▶ ASSIGNMENT
Repeat, exactly as written, the lines of the records below from the first through the line with "Coque Case-Mate Pour", but none past it.

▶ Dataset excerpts
....................

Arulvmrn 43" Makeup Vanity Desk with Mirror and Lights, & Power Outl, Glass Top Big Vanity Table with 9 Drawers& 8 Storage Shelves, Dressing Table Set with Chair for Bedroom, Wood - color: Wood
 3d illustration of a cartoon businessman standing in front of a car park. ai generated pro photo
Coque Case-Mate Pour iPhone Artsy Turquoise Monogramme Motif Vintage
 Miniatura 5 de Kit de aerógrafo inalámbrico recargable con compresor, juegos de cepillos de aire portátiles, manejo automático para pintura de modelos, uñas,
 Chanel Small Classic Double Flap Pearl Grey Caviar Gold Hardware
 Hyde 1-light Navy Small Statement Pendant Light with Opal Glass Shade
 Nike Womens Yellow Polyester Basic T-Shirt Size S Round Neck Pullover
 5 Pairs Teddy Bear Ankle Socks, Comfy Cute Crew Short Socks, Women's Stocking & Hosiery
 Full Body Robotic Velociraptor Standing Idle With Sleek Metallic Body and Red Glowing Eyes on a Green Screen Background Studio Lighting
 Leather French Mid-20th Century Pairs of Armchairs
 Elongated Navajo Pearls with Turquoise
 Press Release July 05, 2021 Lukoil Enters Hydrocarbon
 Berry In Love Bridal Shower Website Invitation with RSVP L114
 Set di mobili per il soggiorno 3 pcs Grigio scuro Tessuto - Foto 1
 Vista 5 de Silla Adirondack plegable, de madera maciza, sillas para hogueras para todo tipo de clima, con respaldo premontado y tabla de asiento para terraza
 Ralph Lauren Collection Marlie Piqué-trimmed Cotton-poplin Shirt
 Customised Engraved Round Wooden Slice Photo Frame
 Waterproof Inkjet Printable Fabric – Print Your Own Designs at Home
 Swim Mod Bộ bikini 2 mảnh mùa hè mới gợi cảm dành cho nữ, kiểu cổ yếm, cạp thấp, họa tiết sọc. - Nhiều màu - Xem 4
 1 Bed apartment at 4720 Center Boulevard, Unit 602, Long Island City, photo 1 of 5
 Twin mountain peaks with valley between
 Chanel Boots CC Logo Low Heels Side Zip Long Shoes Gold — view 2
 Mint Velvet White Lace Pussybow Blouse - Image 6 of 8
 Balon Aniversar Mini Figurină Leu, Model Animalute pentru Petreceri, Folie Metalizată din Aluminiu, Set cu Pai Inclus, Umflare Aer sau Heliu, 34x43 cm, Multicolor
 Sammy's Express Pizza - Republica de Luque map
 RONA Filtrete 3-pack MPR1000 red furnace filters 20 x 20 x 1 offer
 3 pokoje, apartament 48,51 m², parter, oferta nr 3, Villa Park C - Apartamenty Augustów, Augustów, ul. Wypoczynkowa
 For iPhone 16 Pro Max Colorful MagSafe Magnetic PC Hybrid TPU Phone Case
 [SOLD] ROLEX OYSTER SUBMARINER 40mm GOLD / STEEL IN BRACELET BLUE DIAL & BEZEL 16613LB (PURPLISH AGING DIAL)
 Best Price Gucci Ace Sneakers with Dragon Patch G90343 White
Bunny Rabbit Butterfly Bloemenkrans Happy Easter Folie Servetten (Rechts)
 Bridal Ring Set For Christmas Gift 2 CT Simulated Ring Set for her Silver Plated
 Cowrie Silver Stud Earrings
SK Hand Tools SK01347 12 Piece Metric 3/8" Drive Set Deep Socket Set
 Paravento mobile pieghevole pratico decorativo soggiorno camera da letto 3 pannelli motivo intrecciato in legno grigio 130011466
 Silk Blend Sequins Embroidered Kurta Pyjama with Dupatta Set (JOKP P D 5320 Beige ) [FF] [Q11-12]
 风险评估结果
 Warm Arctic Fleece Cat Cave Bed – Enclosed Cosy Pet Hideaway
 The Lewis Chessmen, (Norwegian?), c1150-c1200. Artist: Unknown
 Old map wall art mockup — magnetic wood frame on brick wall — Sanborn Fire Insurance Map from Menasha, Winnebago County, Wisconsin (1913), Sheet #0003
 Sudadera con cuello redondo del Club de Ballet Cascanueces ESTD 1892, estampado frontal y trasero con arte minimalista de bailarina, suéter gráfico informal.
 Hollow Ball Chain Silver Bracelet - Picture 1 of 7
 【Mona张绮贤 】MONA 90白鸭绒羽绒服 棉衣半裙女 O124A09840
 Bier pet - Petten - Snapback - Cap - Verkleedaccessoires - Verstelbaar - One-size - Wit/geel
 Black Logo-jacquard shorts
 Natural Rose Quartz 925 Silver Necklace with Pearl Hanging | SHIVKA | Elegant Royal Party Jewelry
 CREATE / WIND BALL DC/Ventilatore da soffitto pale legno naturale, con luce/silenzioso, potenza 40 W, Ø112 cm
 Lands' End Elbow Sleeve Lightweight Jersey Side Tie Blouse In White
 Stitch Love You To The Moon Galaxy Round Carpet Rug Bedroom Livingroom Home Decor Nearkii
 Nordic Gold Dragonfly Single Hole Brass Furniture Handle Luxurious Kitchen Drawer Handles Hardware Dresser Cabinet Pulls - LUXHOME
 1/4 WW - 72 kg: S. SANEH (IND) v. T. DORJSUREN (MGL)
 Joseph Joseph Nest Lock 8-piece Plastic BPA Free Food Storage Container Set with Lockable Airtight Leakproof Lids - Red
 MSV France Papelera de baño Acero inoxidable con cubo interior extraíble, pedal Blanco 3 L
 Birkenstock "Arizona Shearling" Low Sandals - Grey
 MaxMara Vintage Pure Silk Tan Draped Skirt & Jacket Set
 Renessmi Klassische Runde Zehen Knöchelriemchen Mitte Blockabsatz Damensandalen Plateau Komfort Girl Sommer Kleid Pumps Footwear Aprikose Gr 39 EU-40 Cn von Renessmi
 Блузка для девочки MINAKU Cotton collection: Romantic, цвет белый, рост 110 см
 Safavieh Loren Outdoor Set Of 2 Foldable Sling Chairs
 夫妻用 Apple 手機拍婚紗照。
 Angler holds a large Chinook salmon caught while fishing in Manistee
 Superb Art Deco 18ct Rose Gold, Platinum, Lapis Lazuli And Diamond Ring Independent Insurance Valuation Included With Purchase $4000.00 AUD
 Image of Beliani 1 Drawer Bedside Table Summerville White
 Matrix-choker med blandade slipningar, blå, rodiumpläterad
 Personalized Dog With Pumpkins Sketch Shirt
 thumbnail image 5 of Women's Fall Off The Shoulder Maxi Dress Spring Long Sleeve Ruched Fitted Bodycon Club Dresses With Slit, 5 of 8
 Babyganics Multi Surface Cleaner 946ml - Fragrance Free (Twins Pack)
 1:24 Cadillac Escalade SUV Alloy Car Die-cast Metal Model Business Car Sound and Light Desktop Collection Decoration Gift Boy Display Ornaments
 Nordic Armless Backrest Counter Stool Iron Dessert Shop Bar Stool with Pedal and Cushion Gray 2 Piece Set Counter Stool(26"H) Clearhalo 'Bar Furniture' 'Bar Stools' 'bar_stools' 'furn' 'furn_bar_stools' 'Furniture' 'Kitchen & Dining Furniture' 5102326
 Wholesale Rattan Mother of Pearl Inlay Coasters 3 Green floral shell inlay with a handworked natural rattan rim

....................

▶ TASK RESPONSE
Arulvmrn 43" Makeup Vanity Desk with Mirror and Lights, & Power Outl, Glass Top Big Vanity Table with 9 Drawers& 8 Storage Shelves, Dressing Table Set with Chair for Bedroom, Wood - color: Wood
 3d illustration of a cartoon businessman standing in front of a car park. ai generated pro photo
Coque Case-Mate Pour iPhone Artsy Turquoise Monogramme Motif Vintage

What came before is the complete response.